Project

General

Profile

Bug #7667

Support OUTER-JOIN with PRESELECT at conversion

Added by Alexandru Lungu 9 months ago. Updated 4 months ago.

Status:
WIP
Priority:
Normal
Assignee:
Andrei Bălteanu
Target version:
-
Start date:
Due date:
% Done:

30%

billable:
No
vendor_id:
GCD
case_num:
version:

History

#1 Updated by Alexandru Lungu 9 months ago

  • Status changed from New to WIP
  • Subject changed from Support OUTER-JOIN with PRESELECT to Support OUTER-JOIN with PRESELECT at conversion

This is a continuation of the #6196 effort of optimizing CompoundQuery to merge components that have OUTER-JOIN. In 6196a there is a run-time support for OUTER-JOIN in PreselectQuery (more specifically in AdaptiveQuery).
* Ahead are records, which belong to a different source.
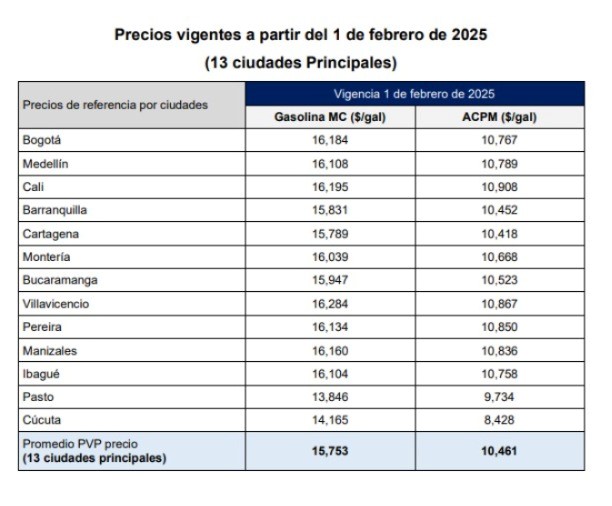 Incremento febrero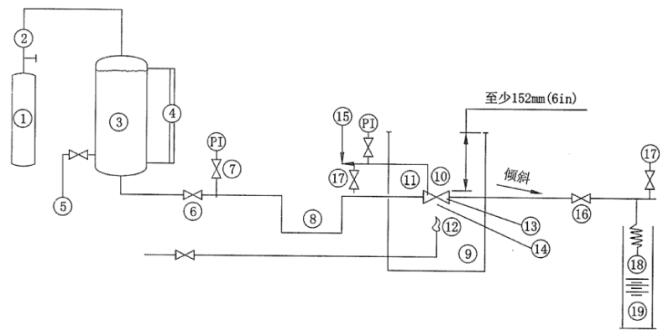 图 1 阀耐火试验系统示意图b）压缩气体作为压力源的系统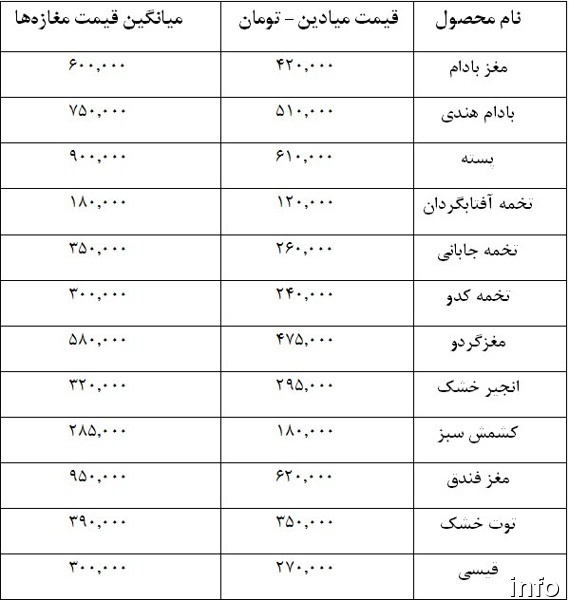 قیمت هر کیلو تخمه کدو_9
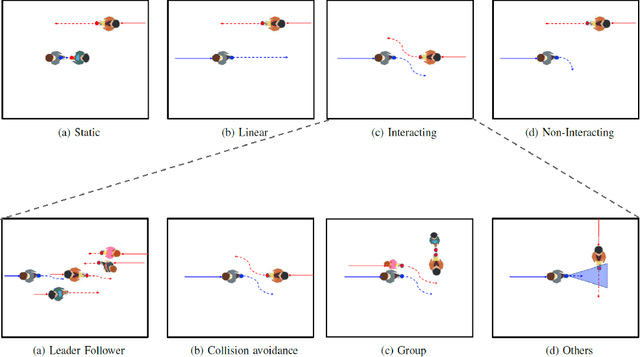 Figure 4 for Asymmetrical Bi-RNN for pedestrian trajectory encoding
However, we can extend the solution to cover multi-table PreselectQuery with OUTER-JOIN right from the conversion side.

Goal: change the conversion rules such that preselect multi-table queries with outer-join will convert into PreselectQuery, not CompoundQuery.

Andrei, please address this issue after #6196 is completed. AFAIK, there is some attempt already in 6582a (which is really old, but can provide some insight) - refer to #6582.

#2 Updated by Igor Skornyakov 9 months ago

Please note that the conversion of the CompoundQuery to the PreselectQuery should not be applied if one of the components uses CONTAINS with non-constant search expression.
See #7086 (hopefully will be merged to the trunk soon).

#3 Updated by Alexandru Lungu 9 months ago

Andrei, please address #7667-2. Also, please make some tests with CAN-FIND for that matter.

#5 Updated by Andrei Bălteanu 8 months ago

I started by looking first at the part of this task related to CONTAINS and run-time optimization of multiple CompoundComponents into a PreselectQuery.
In order to block this optimization, I think we can add a condition in Optimizer.isServerJoinPossible() that will check if we have a CONTAINS in the where clause (if so, we automatically return false).
At the time of this method call, the FQL attached to a component is not yet computed.
As a trivial potential implementation for this, I added this:

=== modified file 'src/com/goldencode/p2j/persist/CompoundQuery.java'
--- old/src/com/goldencode/p2j/persist/CompoundQuery.java    2023-08-28 14:07:19 +0000
+++ new/src/com/goldencode/p2j/persist/CompoundQuery.java    2023-09-22 13:30:18 +0000
@@ -3528,8 +3528,17 @@
             return false;
          }

-         String where = query.getOriginalWhere();
-
+         String where = query.getOriginalWhere();       
+         if (where.contains("contains"))
+         {
+            if (fine)
+            {
+               log.fine(" --- can't optimize a query with 'contains': ");
+            }
+            
+            return false;
+         }
+         
          if (fine)
          {
             StringBuilder buf = new StringBuilder(top ? "*" : " ");


The problem encountered by Roger in #7683-5 seems to be solved.
Of course, this is just a quick fix and a more elegant approach will be needed.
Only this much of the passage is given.